Добавить в цитаты Настройки чтения

Страница 10 из 13

– Или он меня на дуэль вызовет, – усмехнулся Бестужев.

– Не вызовет. Куда он против такого красавца статного со своим пузом? – уверенно возразил Прокофий Акинифиевич. – Да и стыдно ему должно быть, за то, что жена его мужским вниманием обделённая ходит, это же и на него самого тень бросает. А неудовлетворенную женщину за версту видать. Так что, он послушает её, да бросит недоверием мучится. Какое уж тут недоверие, вы же почти братьями станете, – Демидов хохотнул и похлопал задумавшегося Бестужева по плечу. – Ну всё, прощай, Михаил Петрович, ни пуха тебе ни пера в твоих нелегких начинаниях.

– К черту, Прокофий Акинифиевич, – пробормотал Бестужев.
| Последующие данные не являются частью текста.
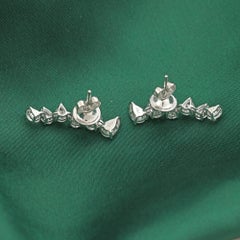 2.67Ct Oval & Pear Cut Natural Diamond Climber Earrings 18K White Gold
Демидов вышел из дома, а он так и остался стоять в холле, пытаясь найти в плане Демидова изъян. Но никакой веской причины, кроме отговорок: «Я не хочу. А как же Анна? Это вообще грех», – у Михаила Петровича не находилось.

– О, леди Картерет какая просто изумительная встреча, – раздалось из-за двери. – А я уезжаю. Какая жалость. И ведь ехать придется на корабле через пролив, а то я послал бы эту поездку к чертям, чтобы насладиться вашим прелестным обществом.

– О, господин Демидов, а как мне жаль, что вы уезжаете, – никакой жалости в голосе не было слышно, и практически сразу раздался стук дверного молотка в дверь.

Бестужев сделал знак выскочившему на стук лакею, что сам откроет, и что тот может убираться подальше и пошел открывать.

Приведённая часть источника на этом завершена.